Nondestructive detection of lipid oxidation in frozen pork using hyperspectral imaging technology

Lipid oxidation is an important cause of pork quality degradation during freezing. Traditional chemical methods are time-consuming and destructive. In this paper, two hyperspectral imaging (HSI) techniques, including visible near-infrared (vis-NIR HSI) (400–1002 nm) and fluorescence (F-HSI) (400–1002 nm), were tested for non-destructive detection of lipid oxidation in pork. Two types of hyperspectral image data were collected from pork samples with 0–9 freeze-thaw cycles. The model performance based on the two spectra data was then tested by three multivariate analysis methods of partial least squares regression, support vector regression and Gaussian process regression (GPR).

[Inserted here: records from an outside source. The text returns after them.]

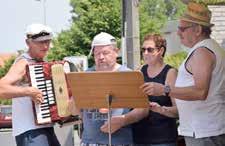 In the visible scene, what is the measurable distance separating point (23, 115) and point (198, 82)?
4.59ft

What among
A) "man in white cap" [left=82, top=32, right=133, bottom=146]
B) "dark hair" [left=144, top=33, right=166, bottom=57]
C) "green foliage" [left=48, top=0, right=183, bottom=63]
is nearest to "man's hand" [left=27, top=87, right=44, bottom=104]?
"man in white cap" [left=82, top=32, right=133, bottom=146]

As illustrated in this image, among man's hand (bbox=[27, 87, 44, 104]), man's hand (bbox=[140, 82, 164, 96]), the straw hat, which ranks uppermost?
the straw hat

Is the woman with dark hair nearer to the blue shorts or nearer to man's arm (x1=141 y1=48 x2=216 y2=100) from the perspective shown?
man's arm (x1=141 y1=48 x2=216 y2=100)

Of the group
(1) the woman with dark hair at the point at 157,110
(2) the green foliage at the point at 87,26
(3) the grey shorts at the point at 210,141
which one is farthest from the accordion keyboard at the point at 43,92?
(2) the green foliage at the point at 87,26

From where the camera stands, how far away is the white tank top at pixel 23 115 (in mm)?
3857

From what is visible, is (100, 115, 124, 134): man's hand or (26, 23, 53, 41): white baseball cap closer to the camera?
(100, 115, 124, 134): man's hand

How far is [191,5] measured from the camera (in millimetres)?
3359

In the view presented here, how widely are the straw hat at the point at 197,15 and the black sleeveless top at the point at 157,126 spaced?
46 cm

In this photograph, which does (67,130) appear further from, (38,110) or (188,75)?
(188,75)

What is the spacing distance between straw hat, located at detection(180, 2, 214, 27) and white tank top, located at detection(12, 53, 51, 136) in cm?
126

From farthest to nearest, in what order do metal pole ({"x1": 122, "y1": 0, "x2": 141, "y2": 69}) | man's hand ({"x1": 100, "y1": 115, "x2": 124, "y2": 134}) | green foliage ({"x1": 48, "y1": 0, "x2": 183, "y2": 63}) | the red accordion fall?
green foliage ({"x1": 48, "y1": 0, "x2": 183, "y2": 63}) → metal pole ({"x1": 122, "y1": 0, "x2": 141, "y2": 69}) → the red accordion → man's hand ({"x1": 100, "y1": 115, "x2": 124, "y2": 134})

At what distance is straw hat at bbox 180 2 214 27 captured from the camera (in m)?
3.26

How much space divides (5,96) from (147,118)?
3.34 ft

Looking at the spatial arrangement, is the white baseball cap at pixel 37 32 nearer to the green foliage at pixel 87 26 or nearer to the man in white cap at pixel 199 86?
the man in white cap at pixel 199 86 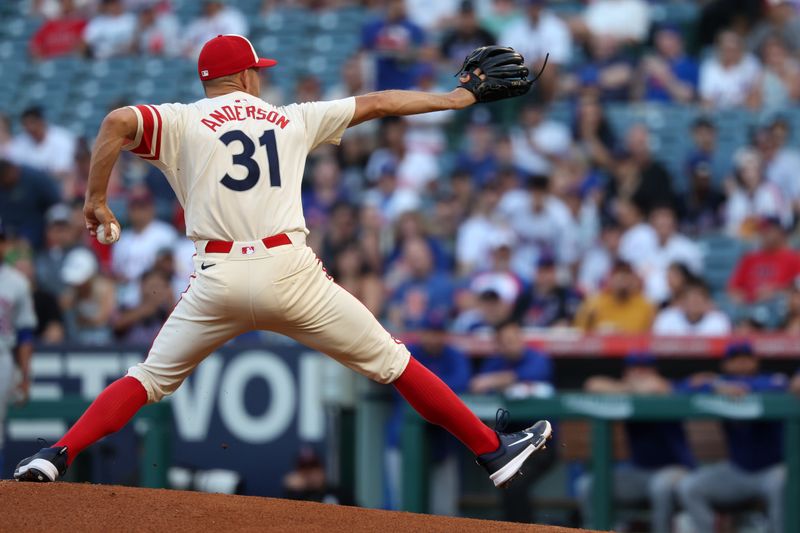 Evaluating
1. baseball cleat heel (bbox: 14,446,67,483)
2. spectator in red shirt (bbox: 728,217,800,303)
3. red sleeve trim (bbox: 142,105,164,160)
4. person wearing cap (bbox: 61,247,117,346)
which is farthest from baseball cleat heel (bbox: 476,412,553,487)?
person wearing cap (bbox: 61,247,117,346)

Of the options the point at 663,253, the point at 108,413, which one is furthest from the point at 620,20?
the point at 108,413

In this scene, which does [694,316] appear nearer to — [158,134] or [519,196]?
[519,196]

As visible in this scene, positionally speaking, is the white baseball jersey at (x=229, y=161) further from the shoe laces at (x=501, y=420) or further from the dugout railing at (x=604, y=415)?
the dugout railing at (x=604, y=415)

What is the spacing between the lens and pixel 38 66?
16.1 meters

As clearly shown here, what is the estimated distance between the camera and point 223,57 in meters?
5.20

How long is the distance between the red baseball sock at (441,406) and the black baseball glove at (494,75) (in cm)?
112

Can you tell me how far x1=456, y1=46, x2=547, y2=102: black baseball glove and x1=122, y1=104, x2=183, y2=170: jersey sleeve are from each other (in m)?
1.18

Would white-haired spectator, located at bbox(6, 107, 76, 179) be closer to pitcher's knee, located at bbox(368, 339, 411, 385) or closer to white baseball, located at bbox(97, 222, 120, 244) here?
white baseball, located at bbox(97, 222, 120, 244)

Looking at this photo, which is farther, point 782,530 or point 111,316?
point 111,316

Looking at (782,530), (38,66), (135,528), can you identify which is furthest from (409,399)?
(38,66)

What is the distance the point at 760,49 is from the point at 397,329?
510 centimetres

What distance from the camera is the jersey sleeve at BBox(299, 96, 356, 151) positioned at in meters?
5.26

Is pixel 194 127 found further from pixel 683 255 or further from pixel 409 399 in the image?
pixel 683 255

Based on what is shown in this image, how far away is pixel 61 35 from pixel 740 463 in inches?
420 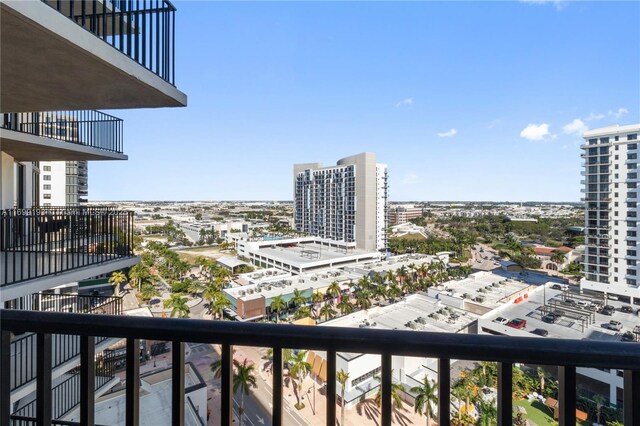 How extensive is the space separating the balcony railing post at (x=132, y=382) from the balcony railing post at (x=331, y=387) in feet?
2.22

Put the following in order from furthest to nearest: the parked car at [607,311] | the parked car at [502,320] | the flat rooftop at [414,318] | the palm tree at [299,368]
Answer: the parked car at [607,311] < the parked car at [502,320] < the flat rooftop at [414,318] < the palm tree at [299,368]

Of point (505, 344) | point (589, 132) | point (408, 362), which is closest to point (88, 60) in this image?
point (505, 344)

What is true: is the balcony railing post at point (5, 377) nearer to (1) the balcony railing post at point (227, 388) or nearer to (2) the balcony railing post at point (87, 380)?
(2) the balcony railing post at point (87, 380)

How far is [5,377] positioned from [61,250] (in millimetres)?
3939

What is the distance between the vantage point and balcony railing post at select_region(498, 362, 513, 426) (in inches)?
38.2

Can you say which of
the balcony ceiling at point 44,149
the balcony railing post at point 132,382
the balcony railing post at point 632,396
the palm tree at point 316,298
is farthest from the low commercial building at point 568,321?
the balcony railing post at point 132,382

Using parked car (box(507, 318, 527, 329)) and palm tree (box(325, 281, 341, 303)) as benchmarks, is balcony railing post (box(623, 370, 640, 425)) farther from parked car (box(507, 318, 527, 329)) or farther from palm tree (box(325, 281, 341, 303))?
palm tree (box(325, 281, 341, 303))

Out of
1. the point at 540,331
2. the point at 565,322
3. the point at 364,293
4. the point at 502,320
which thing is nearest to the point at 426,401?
the point at 540,331

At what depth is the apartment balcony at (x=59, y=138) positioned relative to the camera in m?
4.87

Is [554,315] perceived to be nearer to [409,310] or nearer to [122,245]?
[409,310]

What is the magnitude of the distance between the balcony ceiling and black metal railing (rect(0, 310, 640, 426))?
4689mm

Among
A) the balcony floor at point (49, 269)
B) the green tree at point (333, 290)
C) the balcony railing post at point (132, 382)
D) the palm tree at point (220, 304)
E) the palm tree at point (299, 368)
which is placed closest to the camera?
the balcony railing post at point (132, 382)

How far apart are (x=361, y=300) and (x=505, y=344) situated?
928 inches

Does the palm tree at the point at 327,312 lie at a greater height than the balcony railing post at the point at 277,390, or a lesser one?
lesser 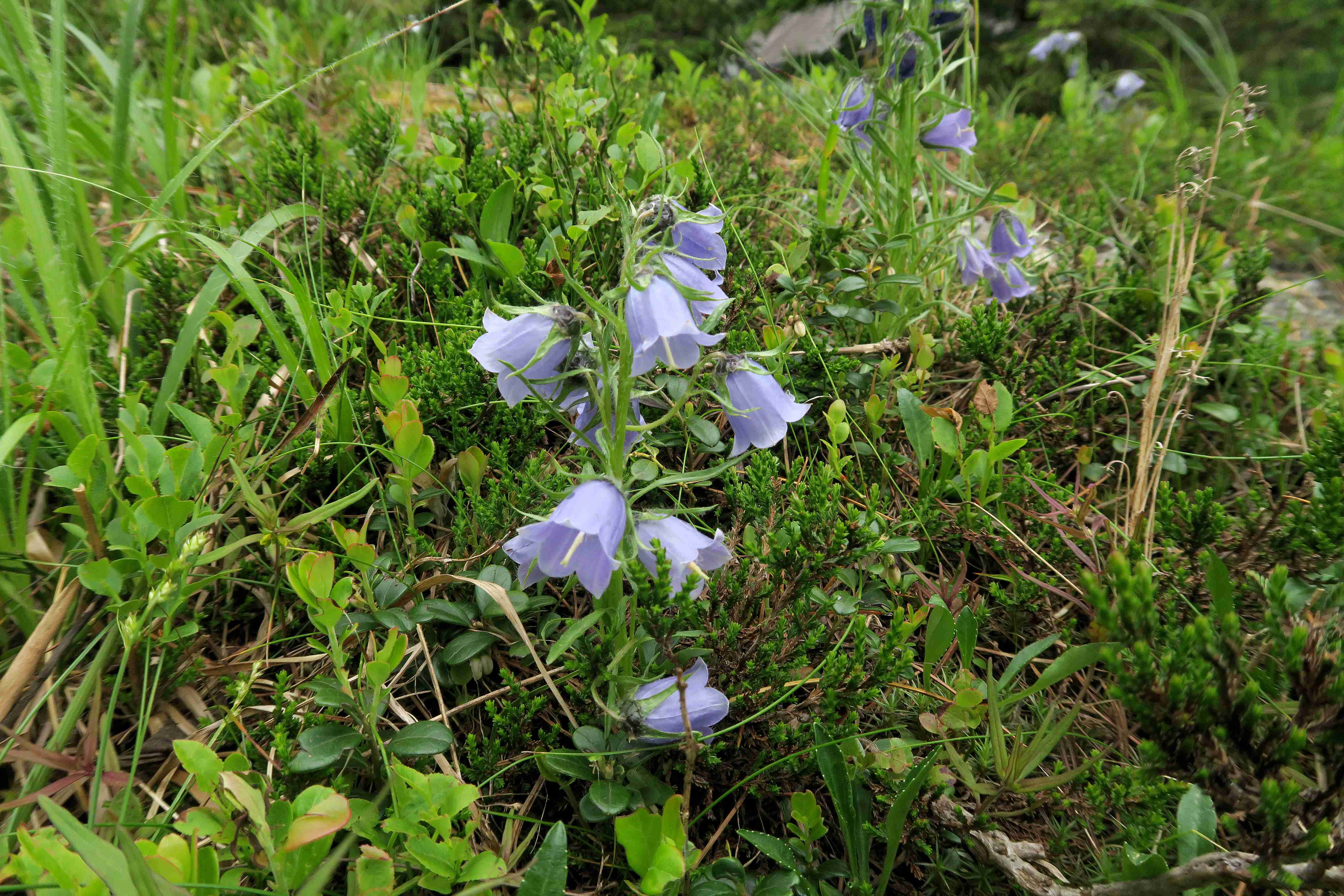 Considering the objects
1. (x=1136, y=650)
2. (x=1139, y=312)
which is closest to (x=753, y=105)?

It was found that the GPR models using vis-NIR HSI and F-HSI acquired optimal prediction results of R2p = 0.9697, RMSEP = 0.0184 mg/kg and R2p = 0.9726, RMSEP = 0.0182 mg/kg, respectively. The results showed that the two techniques have shown reliable performance in predicting TBARS, and the performance of F-HSI was slightly superior to vis-NIR HSI. A pseudo-color map of TBARS was drawn using the F-HSI model to provide a visual screening method for lipid oxidation in pork. Moreover, another batch of pork with different freeze-thaw cycles (0–5 cycles) was successfully quantified and visualized for TBARS content using the F-HSI model. It demonstrated the feasibility of using F-HSI for quantitative monitoring of lipid oxidation in pork.